In a warning notice published yesterday, the FCA said Odey had shown “reckless disregard” for the firm’s governance processes and had used “inappropriate means to protect his own interests”.
The regulator added that the fund manager’s conduct in addressing its investigations demonstrated that Odey “lacks integrity.”
As a result, the FCA said it was proposing to take action against the tycoon, which could result in an unlimited fine, as well as a ban from working in the city or a public reprimand. Odey has been contacted for comment.
The regulator’s decision is not final and Odey can challenge it.
But the FCA’s damning assessment is another blow to the fund manager’s damaged reputation.
His empire began to collapse last year following the publication of allegations of sexual harassment and misconduct against him, which he denies.
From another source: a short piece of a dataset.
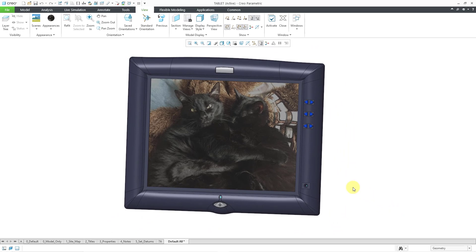So there you have it. That's how you can apply images to your different model appearances.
They related to alleged incidents that occurred between 1998 and 2021 involving 13 women who had worked for Odey Asset Management or had professional dealings with Odey.
The claims led major clients, including banks such as JP Morgan, to withdraw money from the funds.
The company, founded by Odey in 1991, ultimately decided to close the business and move its funds and managers elsewhere.
In June, it was revealed that Odey had taken a £37m hit over the process.
The FCA announcement comes as Odey faces a personal injury lawsuit brought by five of his alleged victims in civil court.